La prima singolare usanza era che lo sposo, entrato nella stanza nuziale, doveva dare alla sposa una fetta di cotogna, mentre lui si sarebbe occupato di benedire gli angoli della stanza con un ramo d’ulivo immerso nell’acqua santa. La scuola salernitana, fondata nel 1150, infatti, consigliava alle ragazze di mangiare mele e pere prima del coito.
Il secondo rituale medievale era che gli sposi dovevano adagiarsi sul letto sotto lo sguardo di parenti e amici, che dovevano testimoniare che alla cerimonia era realmente seguito l’accoppiamento, e la stessa Chiesa, per il principio che il matrimonio è perfetto solo dopo l’unione corporale, dava la benedizione agli sposi seduti sul letto cosparso di fiori, nel quale veniva posto anche un bambinello per indicare lo scopo per cui essi si univano.
La terza consuetudine era quella che la suocera doveva regalare alla sposa la camicia da indossare la prima notte d’amore. Alla moglie poi era riservato sempre il lato sinistro, se questo si trovava vicino alla porta, il letto veniva girato perché spettava all’uomo la sorveglianza della porta.

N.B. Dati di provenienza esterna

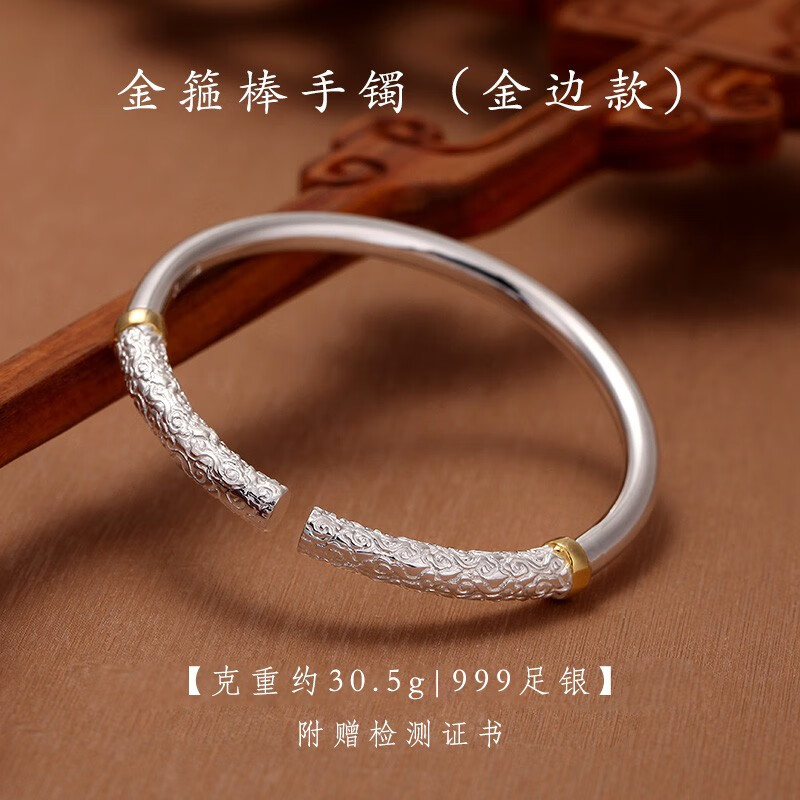 老银匠s999足银如意金箍棒开口式男士银镯子复古孙悟空男款银手镯送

Sotto il letto, poi, la suocera metteva un cestino con la biancheria, in modo che la vergine avesse potuto pulire la ferita causata dalla rottura dell’imene. Infatti, un’altra usanza era quella del pannum sanguinolentum. La sposa infatti era costretta a mostrare sia ai genitori che ai suoceri la “prova” che era rimasta vergine fino al matrimonio: così doveva esibire loro il panno insanguinato con cui si era pulita. Il panno veniva addirittura steso all’aperto, bene in vista, affinché le vicine di casa non avessero da ridire. L’esibizione del pannum sanguinolentum era consueta anche in tribunale, come prova che il matrimonio era stato consumato per carnis copulam.
Si giudicava male la ragazza che non giungeva vergine alla prima notte di nozze. Esiste una storiella napoletana che racconta di un uomo che non aveva trovato la sua sposa vergine. Colmo d’ira, gridò: «Bene, qualcosa devo rompere o stracciare questa notte, dato che la vulva e l’ano lo sono già !». Ciò detto, afferrò un bastone e fracassò la testa della donna.

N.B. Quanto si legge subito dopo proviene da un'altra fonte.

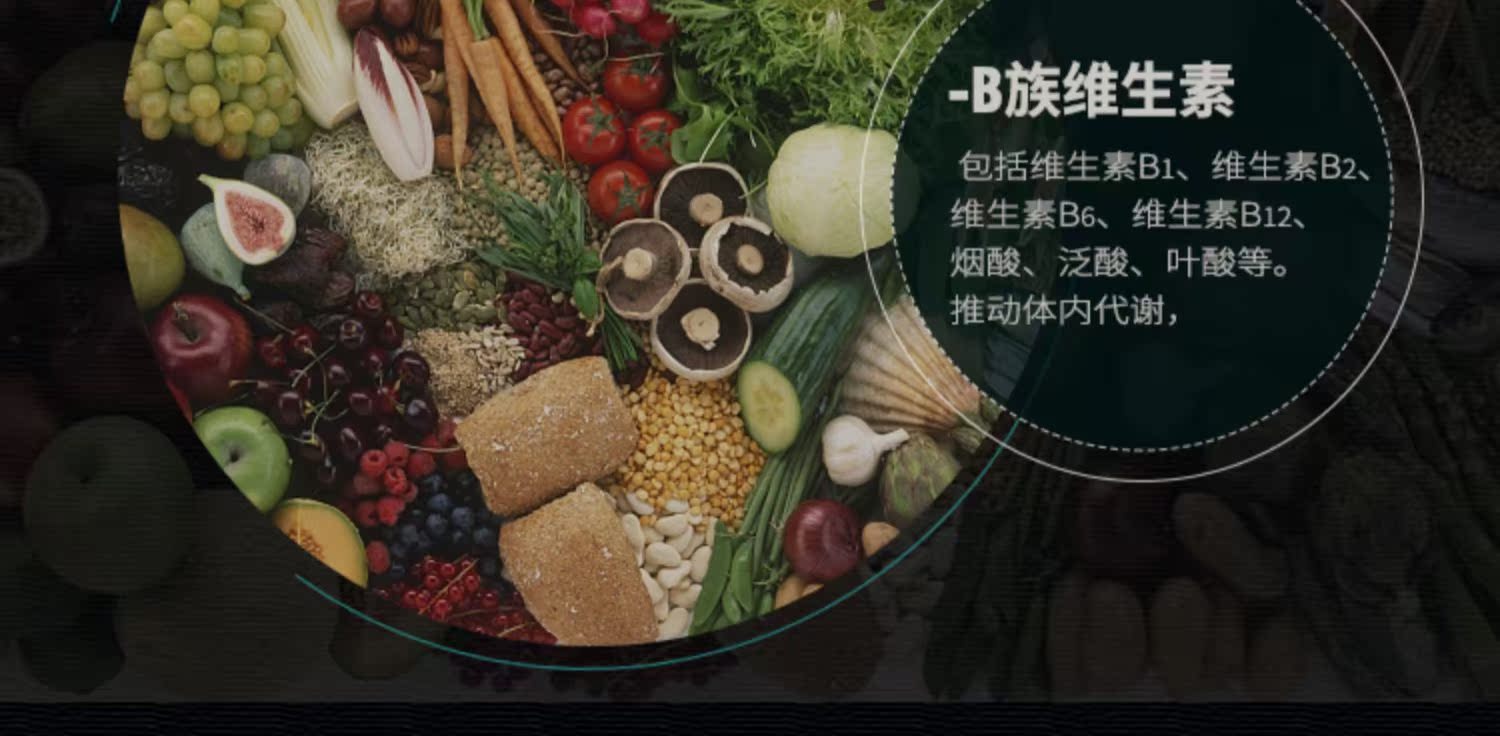 Viên nén Wei Shi Xiaoshi 160 viên sữa dành cho chó con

Nonostante queste usanze siano, per l’appunto, medievali, se si fa un giro per Napoli chiedendo a donne anziane, ci si può bene accorgere che alcune usanze, tra le quali quelle del pannum sanguinolentum, si sono mantenute a Napoli almeno fino agli anni ’60 del Novecento! Questo perché ne sono state protagoniste sia le donne anziane vissute negli anni Sessanta, sia, a volte, le figlie vissute negli anni Ottanta. In particolar modo, i riti che si sono mantenuti dal Medioevo fino al Novecento sono quelle del dono da parte della suocera della camicia o comunque di un oggetto prima della notte di nozze, e poi quella dell’esibizione del panno a genitori e suoceri.
Fortunatamente, negli anni 2000 questi riti sono ormai scomparsi.

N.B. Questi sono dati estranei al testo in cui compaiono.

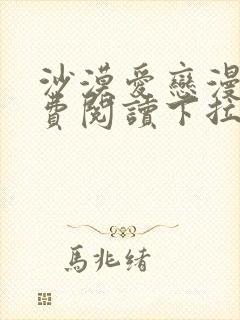 沙漠爱恋漫画免费阅读下拉式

Superstizioni tra passato e presente
Si è già detto sopra che era uso portare con sé un oggetto regalato. Oggi gli usi vogliono che la sposa, nel giorno del suo matrimonio, porti 5 oggetti fortunati :
–una cosa nuova: simboleggia la nuova vita che sta per iniziare per gli sposi (un capo di biancheria intima o l’abito stesso);
–una cosa vecchia: simboleggia il passato, che si lascia alle spalle. La sposa deve portare con sé un oggetto proprio del passato per non dimenticare l’importanza del passato nel nuovo cammino che si va ad intraprendere (da un fermaglio per capelli ad un gioiello);
–una cosa prestata: simboleggia l’ affetto delle persone care che rimangono vicine in questo passaggio dal vecchio al nuovo, deve essere una persona cara a prestare quest’oggetto;
–una cosa regalata: simboleggia l’affetto dei familiari;
–una cosa blu: simbolo di sincerità e purezza da parte della sposa. Oggi molto usata è la giarrettiera decorata con un nastrino blu.
La scelta del giorno (dal passato al presente)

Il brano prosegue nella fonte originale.